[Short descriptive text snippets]
────────────────

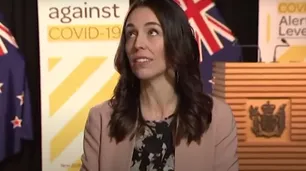 Nueva Zelanda: la reacción de la primera ministra durante un fuerte sismo es envidiable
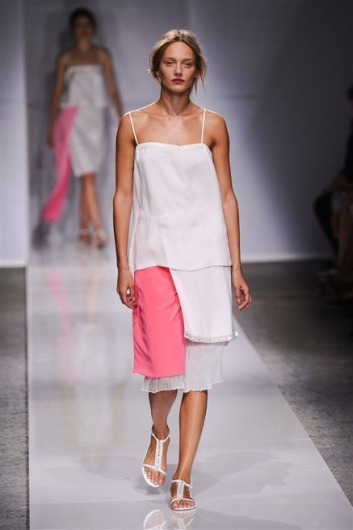 Fotoservizio/SS 2013/WOMEN/PORTS 1961/DP1/28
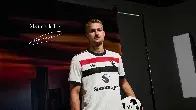 [ManUtd.com] Transfer news: De Ligt signs for United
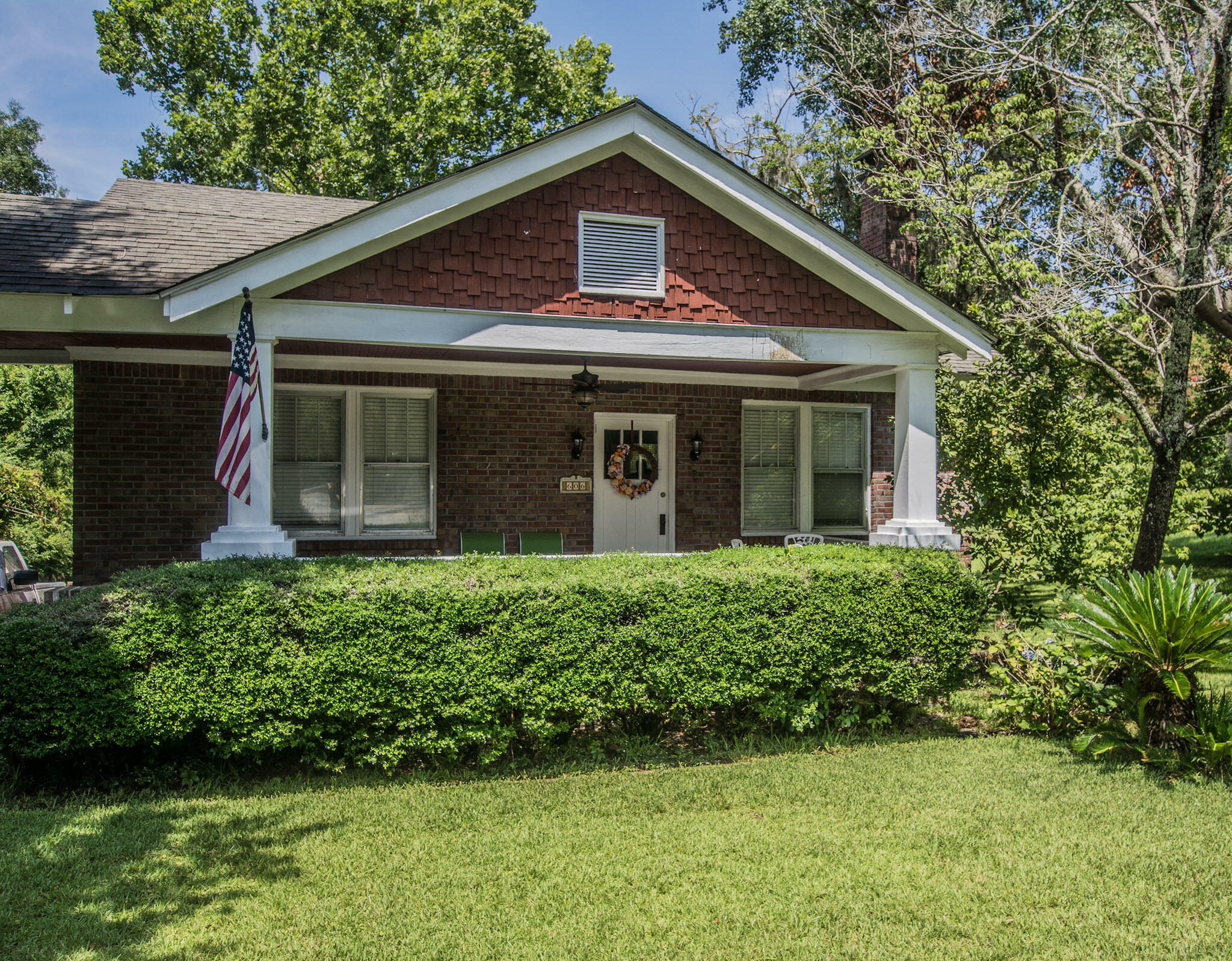 Property Photo:  606 W Carolina Avenue  SC 29483 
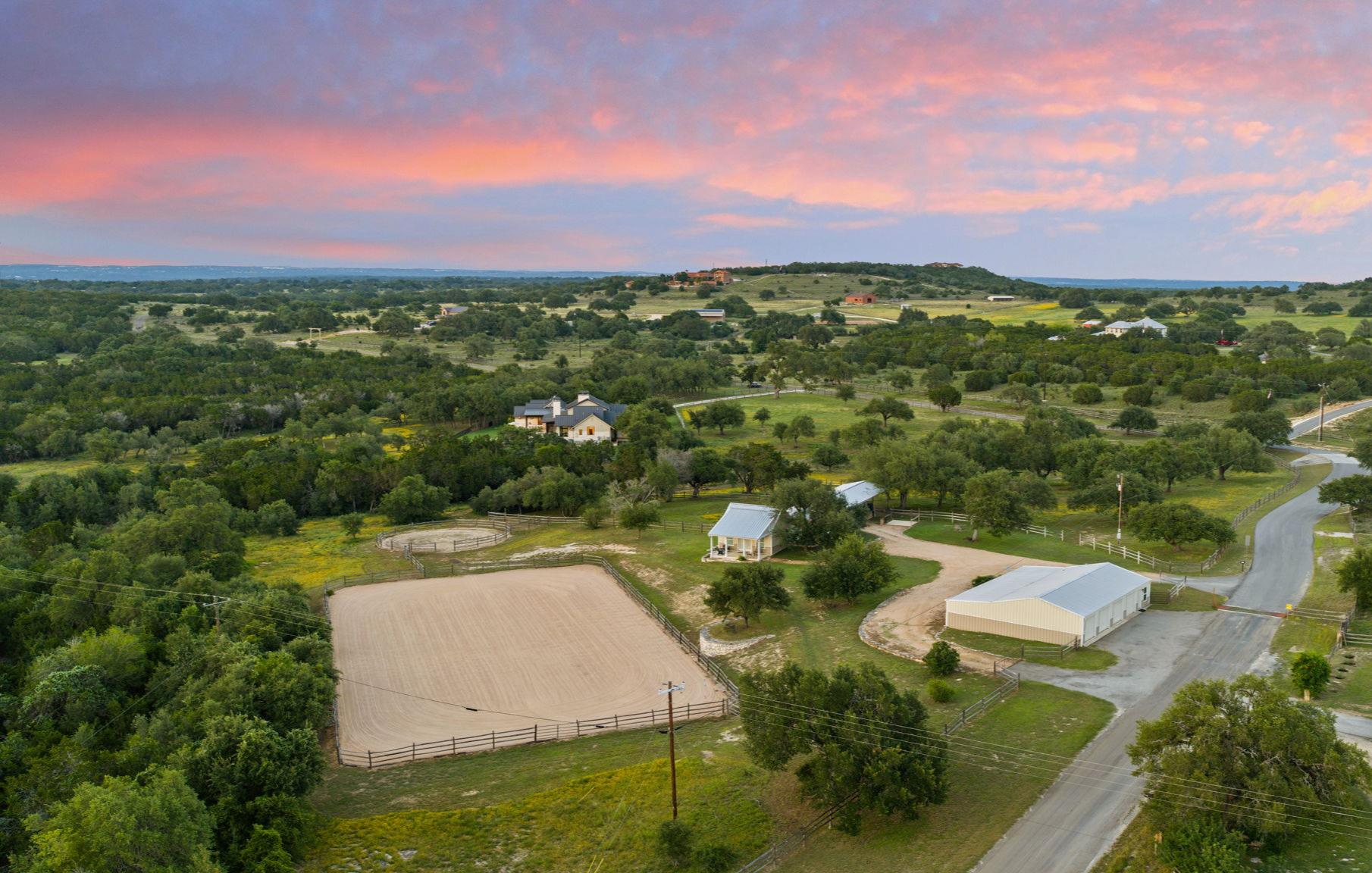 1457 Avenida High VW, Driftwood, TX 78619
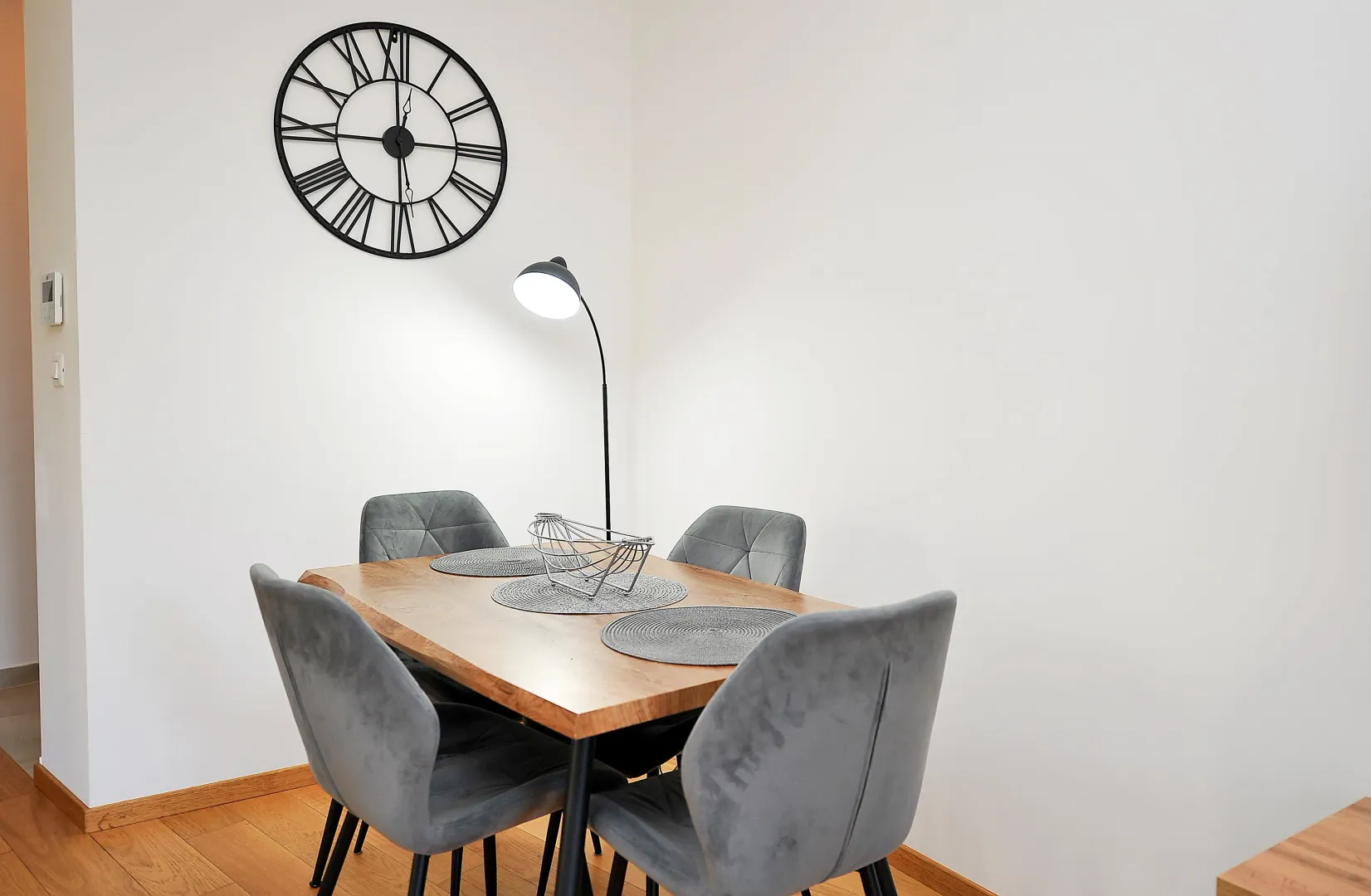 Rent, one bedroom apartment, 50m², Bečići, Budva
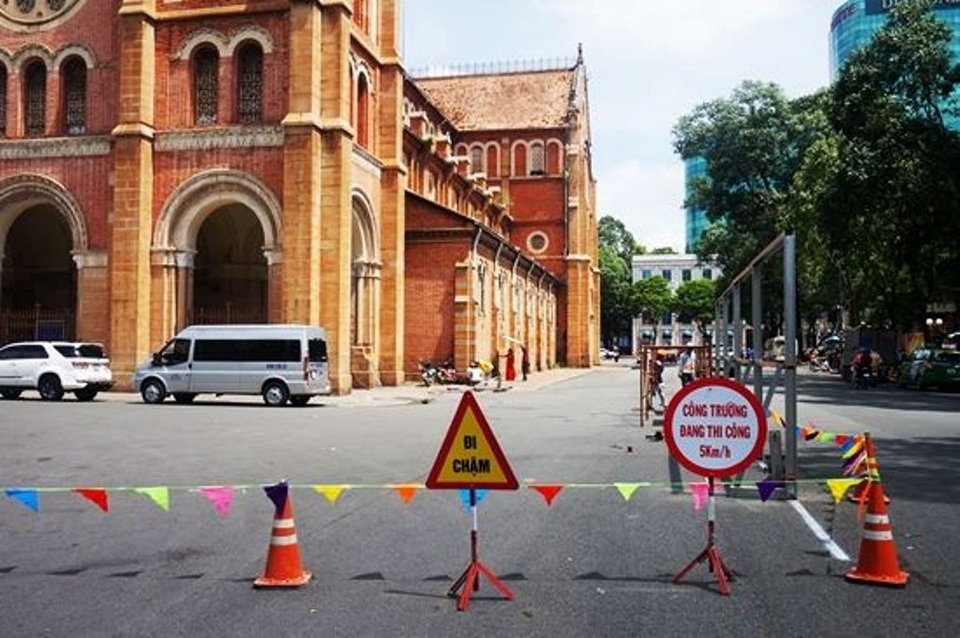 Chính thức trùng tu nhà thờ Đức Bà 140 năm tuổi ở Sài Gòn - 3 Theo ban trùng tu, nhà thờ Đức Bà đã chính thức được rào chắn để tiến hành trùng tu.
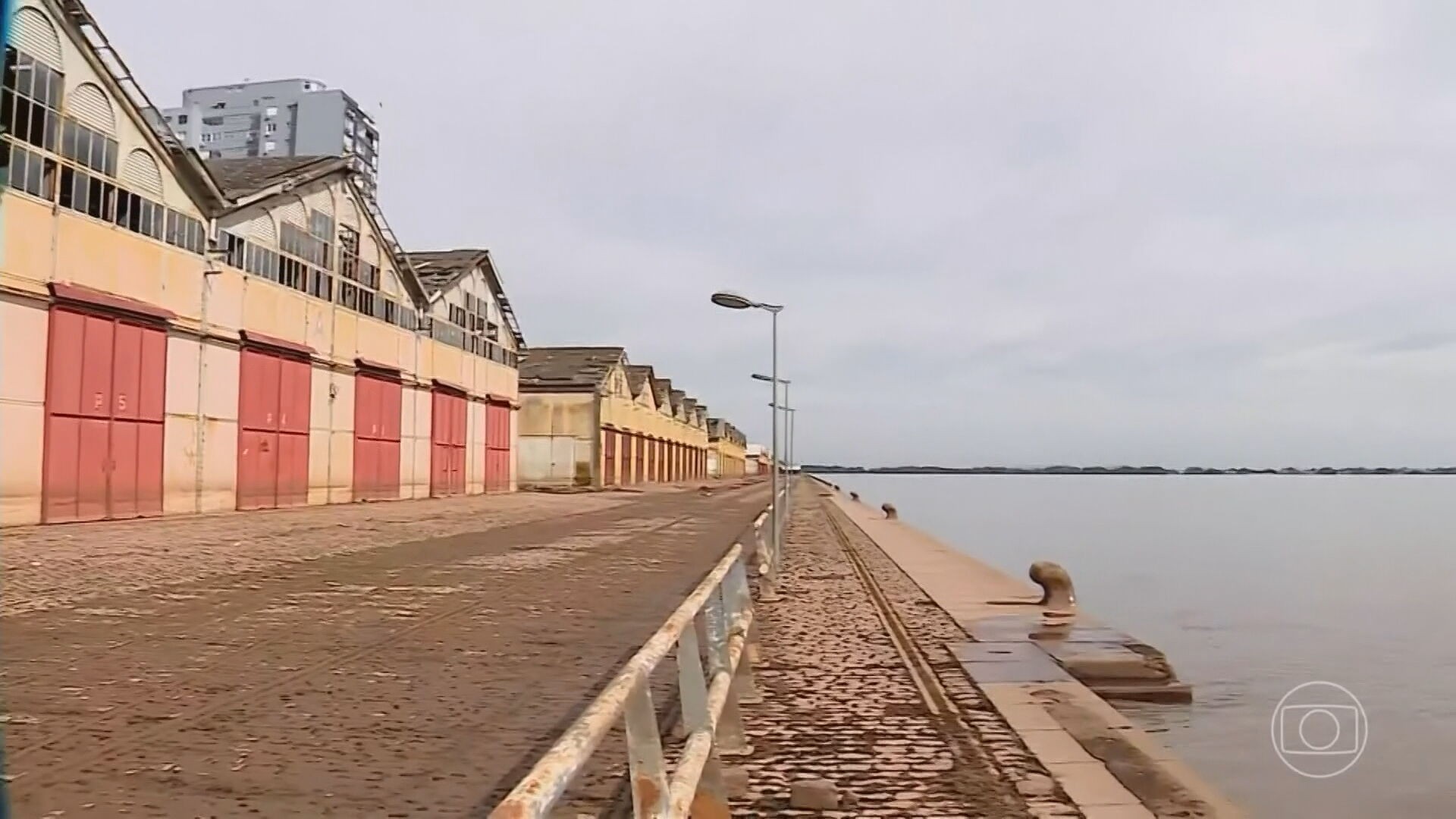 Lago do Guaíba fica abaixo da cota de inundação em Porto Alegre pela 1ª vez em um mês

────────────────

Problem to solve: Exact copy, no pictures. Write out the lines in the entries above, starting with the line with "Fotoservizio/SS 2013/WOMEN/PORTS 1961/DP1/28" and going on through the line with "Chính thức trùng", keeping both.

Result below:
 Fotoservizio/SS 2013/WOMEN/PORTS 1961/DP1/28
 [ManUtd.com] Transfer news: De Ligt signs for United
 Property Photo:  606 W Carolina Avenue  SC 29483 
 1457 Avenida High VW, Driftwood, TX 78619
 Rent, one bedroom apartment, 50m², Bečići, Budva
 Chính thức trùng tu nhà thờ Đức Bà 140 năm tuổi ở Sài Gòn - 3 Theo ban trùng tu, nhà thờ Đức Bà đã chính thức được rào chắn để tiến hành trùng tu.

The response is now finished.